Homologically area-minimizing surfaces that cannot be calibrated

TL;DR

This paper demonstrates that in higher codimensions, many area-minimizing surfaces cannot be calibrated, challenging classical results and revealing that calibration is non-generic, with broad implications for geometric measure theory.

Contribution

It proves the non-genericity of calibrated area-minimizers in higher codimensions and explores the prevalence of non-calibrable minimizers across various manifolds.

Findings

The set of metrics where minimizers cannot be calibrated is always non-empty and open.

For any homology class on c, the closure of such metrics contains the Fubini-Study metric.

In hypersurface cases, calibration forms may have non-empty singular sets even with smooth minimizers.

Abstract

In 1974, Federer proved that all area-minimizing hypersurfaces on orientable manifolds were calibrated by weakly closed differential forms. However, in this manuscript, we prove the contrary in higher codimensions: calibrated area-minimizers are non-generic. This is surprising given that almost all known examples of area-minimizing surfaces are confirmed to be minimizing via calibration. Let integers $d\ge 1$ and $c\ge 2$ denote dimensions and codimensions, respectively.
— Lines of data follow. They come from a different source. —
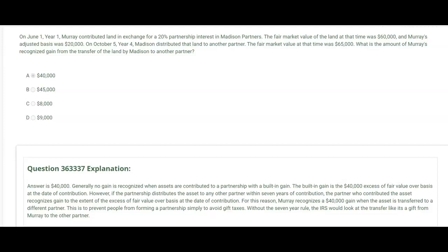The answer is $40,000, letter A. Generally no gain is recognized when assets are contributed to a partnership with a built-in gain. Notice there's a built-in gain at the time this land was contributed: the basis to Murray was $20,000 and the fair market value was $60,000. There was no gain on June 1st year one when Murray contributed the land. But if the partnership sells the land within seven years of contribution, that triggers the built-in gain and the whole gain is taxable to Murray. The partner who contributed the asset recognizes gain to the extent of the excess of fair value over basis at the date of contribution. For this reason, Murray recognizes a $40,000 gain when the asset is transferred to a different partner.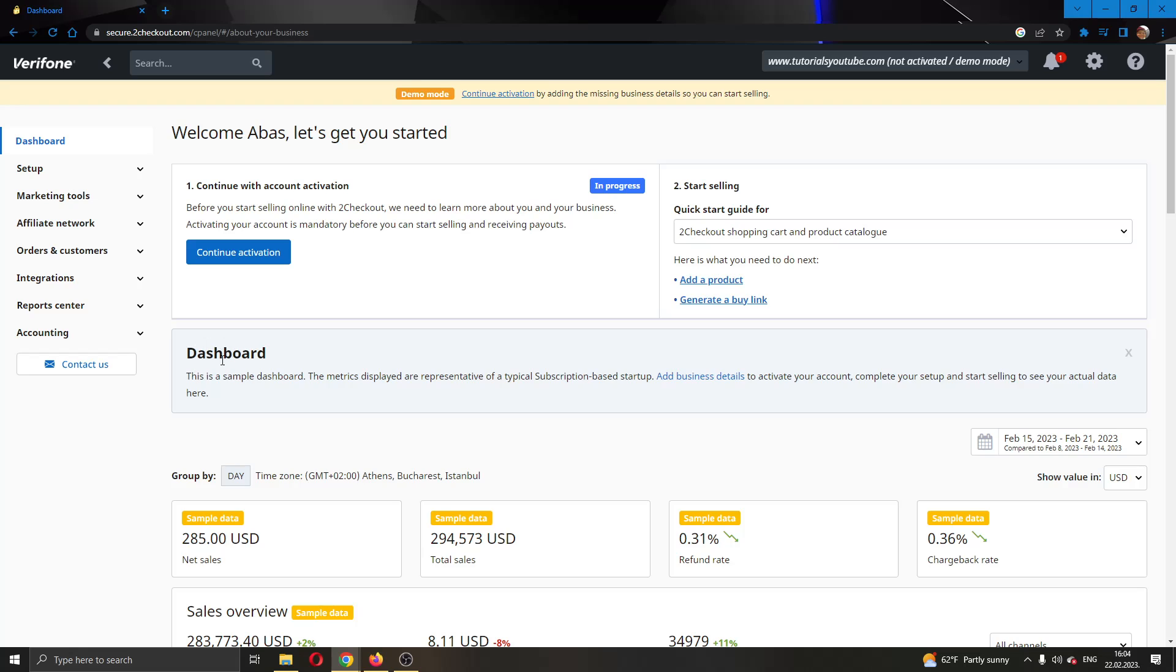Here is your dashboard right here where you can use to set up your store and your products and to keep track of the money that you have. After logging in and creating an account, the first thing you have to do is go ahead and activate your account.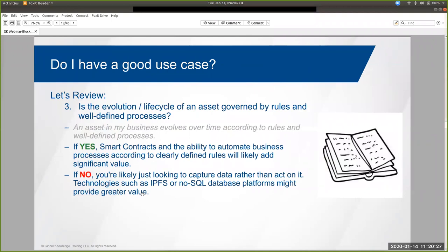Question number three: is that lifecycle or evolution well defined, well governed? Are there rules in place? Most often the answer to this question is yes. For example, if the assets we care about are expense reports that field employees are submitting, we might have a rule which says an expense report can never have a status of 'paid' before it's had a status of 'submitted.' There are very few assets in the world that just evolve randomly. So if you are working with assets that follow a well-defined and governed lifecycle, being able to automate and facilitate that lifecycle through the use of smart contracts and developing your own custom logic is likely very valuable. You can view blockchain as a workflow or business process automation and management solution in this regard.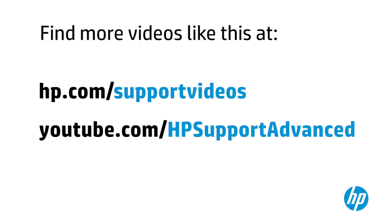You can find additional helpful videos at www.hp.com/support videos and on our YouTube channel.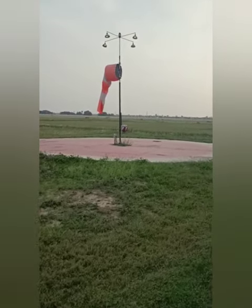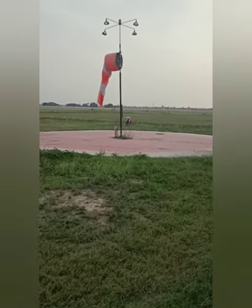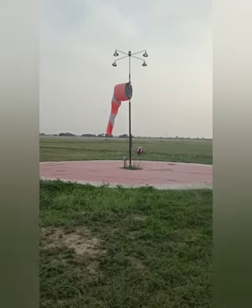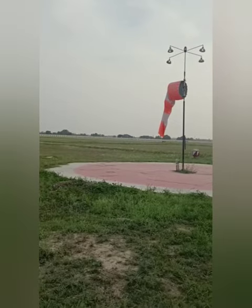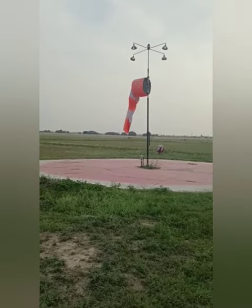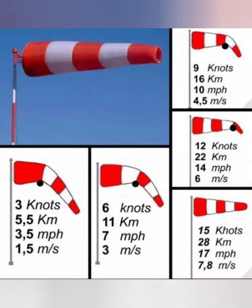When the wind is calm, the wind sock is hanging limp. Higher the indicated wind speed, the more straight out the wind sock is extended. The pilot can understand the wind speed based on the extension of the wind sock or the wind direction indicator.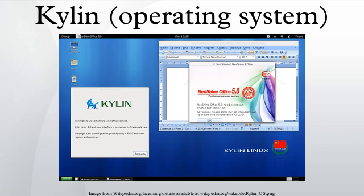Kylin is an operating system developed by academics at the National University of Defense Technology in the People's Republic of China since 2001. It is named after the mythical beast Kylin.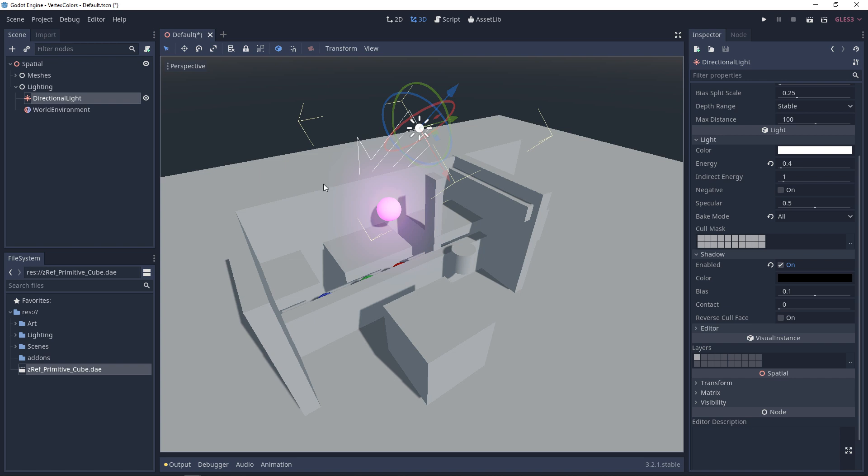Now this video isn't going to be specifically about forward rendering but if you want to know more about Godot 3's rendering pipeline I'll leave a link in the description. So we're going to take a look at each one of the lights that are available in Godot 3 and we'll go through their limitations.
Let $M^{d+c}$ denote a closed, orientable, smooth manifold of dimension $d+c$. For each $d$-dimensional integral homology class $[\Sigma]$ on $M$, we introduce $\Omega_{[\Sigma]}$ as the set of metrics for which any $d$-dimensional homologically area-minimizing surface in the homology class $[\Sigma]$ in any $g\in \Omega_{[\Sigma]}$ cannot be calibrated by any weakly closed measurable differential form. Our main result is that $\Omega_{[\Sigma]}$ is always a non-empty open set. To exemplify the prevalence of such phenomenon, we show that for any homology class $[\Sigma]$ on $\mathbb{CP}^n,$ the closure of $\Omega_{[\Sigma]}$ contains the Fubini-Study metric. In the hypersurface case, we show that even when a smooth area-minimizer is present, the calibration forms are compelled in some cases to have a non-empty singular set. This provides an answer to a question posed by Michael Freedman. Finally, we show that the ratio of the integral minimal mass to the real minimal mass is unbounded when we consider all Riemannian metrics. Also, it is always possible to fill a multiple of a homology class with an arbitrarily small area compared to the class itself. This settles the Riemannian version of several conjectures by Frank Morgan, Brian White and Robert Young.